GALAXY ZOO MORPHOLOGY AND PHOTOMETRIC REDSHIFTS IN THE SLOAN DIGITAL SKY SURVEY

Published 2011 May 18 Copyright is not claimed for this article.
, , Citation M. J. Way 2011 ApJL 734 L9 DOI 10.1088/2041-8205/734/1/L9

2041-8205/734/1/L9

ABSTRACT

It has recently been demonstrated that one can accurately derive galaxy morphology from particular primary and secondary isophotal shape estimates in the Sloan Digital Sky Survey (SDSS) imaging catalog. This was accomplished by applying Machine Learning techniques to the Galaxy Zoo morphology catalog. Using the broad bandpass photometry of the SDSS in combination with precise knowledge of galaxy morphology should help in estimating more accurate photometric redshifts for galaxies. Using the Galaxy Zoo separation for spirals and ellipticals in combination with SDSS photometry we attempt to calculate photometric redshifts. In the best case we find that the root-mean-square error for luminous red galaxies classified as ellipticals is as low as 0.0118. Given these promising results we believe better photometric redshift estimates for all galaxies in the SDSS (∼350 million) will be feasible if researchers can also leverage their derived morphologies via Machine Learning. These initial results look to be promising for those interested in estimating weak lensing, baryonic acoustic oscillation, and other fields dependent upon accurate photometric redshifts.

Export citation and abstract BibTeX RIS

1. INTRODUCTION

It is commonly believed that adding information about the morphology of galaxies may help in the estimation of photometric redshifts (Photo-z's) when using training set methods. Most of this work in recent years has utilized The Sloan Digital Sky Survey (SDSS; York et al. 2000). For example, as discussed in Way et al. (2009, hereafter Paper II), many groups have attempted to use a number of derived primary and secondary isophotal shape estimates in the SDSS imaging catalog to help in estimating Photo-z's. Some examples include using the radius containing 50% and/or 90% of the Petrosian (1976) flux in the SDSS r band (denoted as petroR50_r petroR90_r in the SDSS catalog), concentration index (CI = petroR90_r/petroR50_r), surface brightness, axial ratios, and radial profile (e.g., Collister & Lahav 2004; Ball et al. 2004; Vanzella et al. 2004; Wadadekar 2005; Kurtz et al. 2007; Wray & Gunn 2008).

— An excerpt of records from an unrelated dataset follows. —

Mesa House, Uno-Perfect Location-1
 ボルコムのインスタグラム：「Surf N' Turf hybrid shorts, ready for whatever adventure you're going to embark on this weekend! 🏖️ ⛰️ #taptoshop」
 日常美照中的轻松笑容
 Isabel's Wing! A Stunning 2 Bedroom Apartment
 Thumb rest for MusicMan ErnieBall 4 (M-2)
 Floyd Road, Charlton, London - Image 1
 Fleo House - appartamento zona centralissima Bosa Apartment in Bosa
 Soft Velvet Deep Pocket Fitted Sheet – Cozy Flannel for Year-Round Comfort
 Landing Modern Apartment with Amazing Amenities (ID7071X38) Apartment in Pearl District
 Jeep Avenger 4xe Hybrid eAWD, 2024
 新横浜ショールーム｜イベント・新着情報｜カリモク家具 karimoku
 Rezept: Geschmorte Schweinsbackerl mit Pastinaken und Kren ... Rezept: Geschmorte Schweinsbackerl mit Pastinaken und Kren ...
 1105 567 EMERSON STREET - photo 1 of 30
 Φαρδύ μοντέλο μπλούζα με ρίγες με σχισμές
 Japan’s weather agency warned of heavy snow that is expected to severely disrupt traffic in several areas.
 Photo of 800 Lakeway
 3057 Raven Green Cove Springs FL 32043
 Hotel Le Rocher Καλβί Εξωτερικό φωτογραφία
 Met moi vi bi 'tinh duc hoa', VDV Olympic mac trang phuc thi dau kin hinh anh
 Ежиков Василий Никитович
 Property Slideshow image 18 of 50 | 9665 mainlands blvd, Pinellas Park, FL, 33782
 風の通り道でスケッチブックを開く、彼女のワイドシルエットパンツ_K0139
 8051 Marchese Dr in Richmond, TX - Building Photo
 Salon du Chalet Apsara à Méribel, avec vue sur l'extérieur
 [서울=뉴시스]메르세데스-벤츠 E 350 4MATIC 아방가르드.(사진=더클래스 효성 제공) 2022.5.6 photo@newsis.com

More recently, Singal et al. (2011) have attempted to use Galaxy Shape parameters derived from Hubble Space Telescope/Advanced Camera for Surveys imaging data using a principal component approach and then feeding this information into their neural network code to predict Photo-z's, but for samples much deeper than the SDSS. Unfortunately, they find marginal improvement when using their morphology estimators.

Another promising approach focuses on the reddening and inclination of galaxies. Yip et al. (2011) have attempted to quantify these effects on a galaxy's spectral energy distribution (SED). The idea is to use this information to correct the overestimation of Photo-z's of disk galaxies.

On the other hand, attempts to morphologically classify large numbers of galaxies in the universe have gained in accuracy over the past 15 years as better/larger training samples from eye classification have increased. For example, Lahav et al. (1995) were one of the first to use an artificial neural network trained on 830 galaxies classified by the eyes of six different professional astronomers. In more recent years, Ball et al. (2004) have attempted to classify galaxies by morphological type using a neural network approach based on a sample of 1399 galaxies (from the catalog of Nakamura et al. 2003). Cheng et al. (2011) have used a sample of 984 non-star-forming SDSS early-type galaxies to distinguish between E, S0, and Sa galaxies. In the past year two new attempts at morphological classification using Machine Learning techniques on a Galaxy Zoo (Lintott et al. 2008, 2011) training sample have been published (Banerji et al. 2010; Huertas-Company et al. 2011). The Banerji et al. (2010) results were impressive in that they claim to obtain classification to better than 90% for three different morphological classes (spiral, elliptical, and point sources/artifacts).

These works are in contrast to previous work like that of Bernardi et al. (2003) who used a classification scheme based on SDSS spectra. However, this classification certainly missed some early-type galaxies from their desired sample due to the presence of star formation.

In this Letter, we will continue our use of Gaussian process regression to calculate Photo-z's using a variety of inputs. This method has been discussed extensively in two previous papers (Way & Srivastava 2006; Way et al. 2009).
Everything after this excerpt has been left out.